Assigned task
With the pictures removed, please write out every line below exactly as given.
- Opening Delimiter -
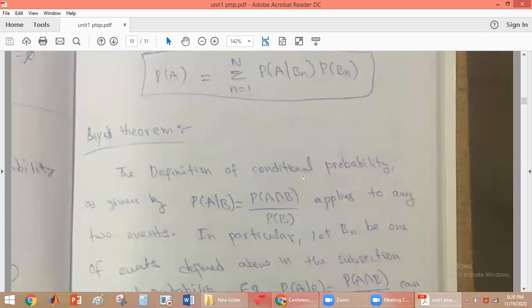Bayes' theorem. Here the conditional probability is given by the formula: probability of A given B is equal to probability of A intersection B divided by probability of B.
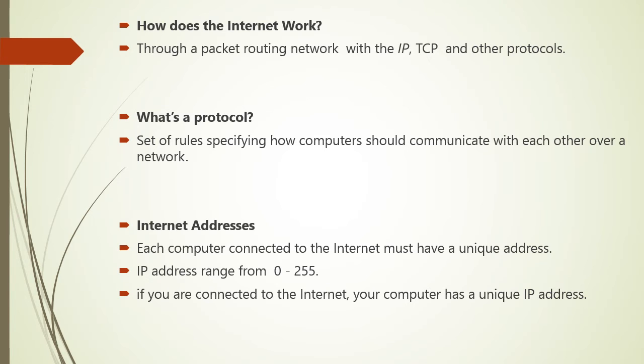It is a set of rules specifying how the computer should communicate with each other over the network. For example, TCP has a rule that if one computer sends data to another computer, the destination computer should let the source computer know if any data was missing, so the source computer can resend it. Or the Internet Protocol, which specifies how computers should route information to other computers by attaching the addresses onto the data that it sends.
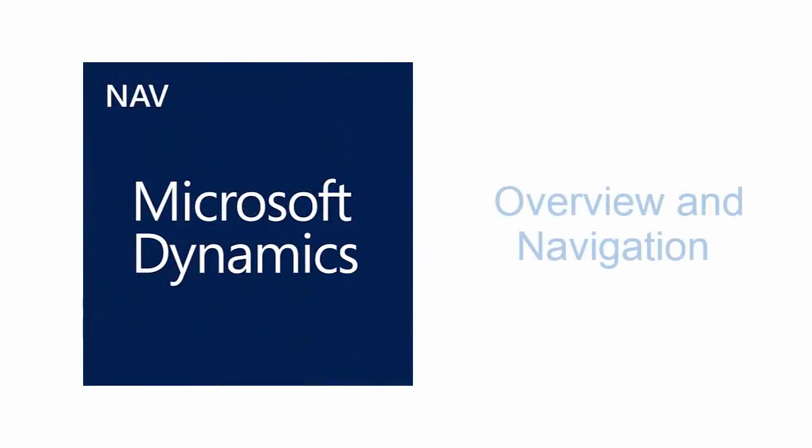Hello, thanks for joining us today. For this video, we will be providing a general overview and review of navigation for Microsoft Dynamics NAV 2016.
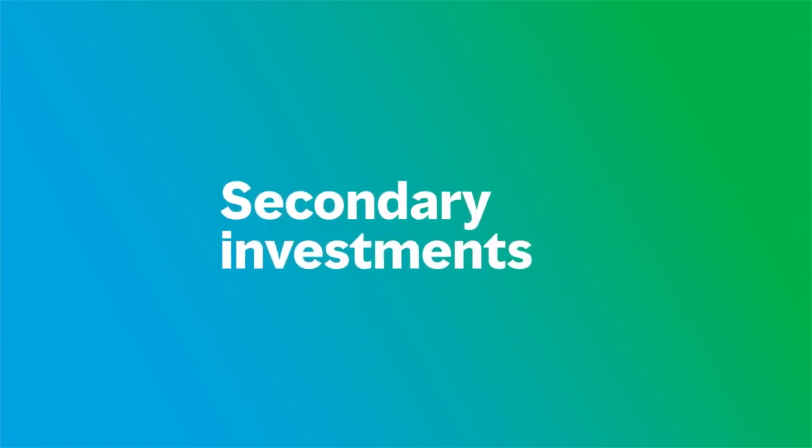Investing in private assets via the secondary market involves purchasing a private market asset or fund from the existing owner of these assets.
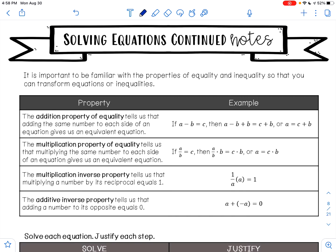In this video, we are going to continue to learn about how to solve equations. It is important to be familiar with the properties of equality and inequality so that you can transform equations or inequalities. In previous years of schooling, you've learned all of these properties.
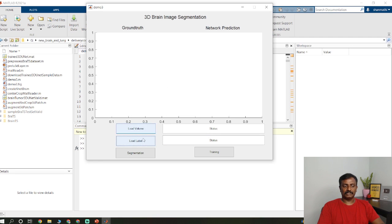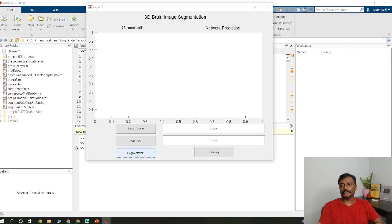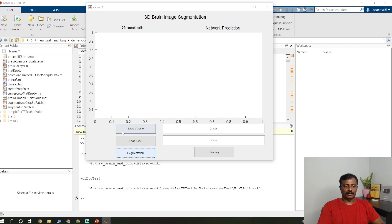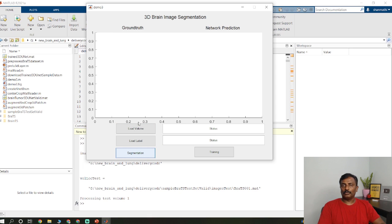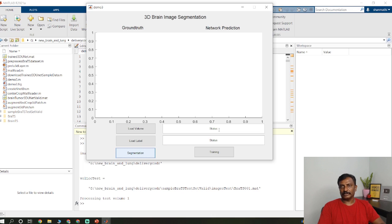And click segmentation. It will take some time. It is better to run this program on a GPU-based laptop. Click segmentation and you have to wait. So the output will be displayed on this static text. Accuracy will be displayed here on the status.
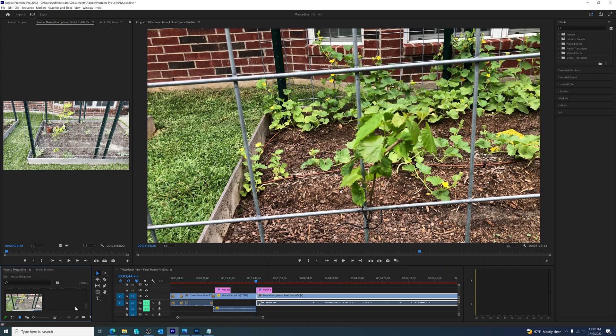So here I am working in Adobe Premiere Pro, and the clips I'm using are all 30 frames per second.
- Closing Delimiter -
Task output
Bayes' theorem. Here the conditional probability is given by the formula: probability of A given B is equal to probability of A intersection B divided by probability of B.
It is a set of rules specifying how the computer should communicate with each other over the network. For example, TCP has a rule that if one computer sends data to another computer, the destination computer should let the source computer know if any data was missing, so the source computer can resend it. Or the Internet Protocol, which specifies how computers should route information to other computers by attaching the addresses onto the data that it sends.
Hello, thanks for joining us today. For this video, we will be providing a general overview and review of navigation for Microsoft Dynamics NAV 2016.
Investing in private assets via the secondary market involves purchasing a private market asset or fund from the existing owner of these assets.
In this video, we are going to continue to learn about how to solve equations. It is important to be familiar with the properties of equality and inequality so that you can transform equations or inequalities. In previous years of schooling, you've learned all of these properties.
And click segmentation. It will take some time. It is better to run this program on a GPU-based laptop. Click segmentation and you have to wait. So the output will be displayed on this static text. Accuracy will be displayed here on the status.
So here I am working in Adobe Premiere Pro, and the clips I'm using are all 30 frames per second.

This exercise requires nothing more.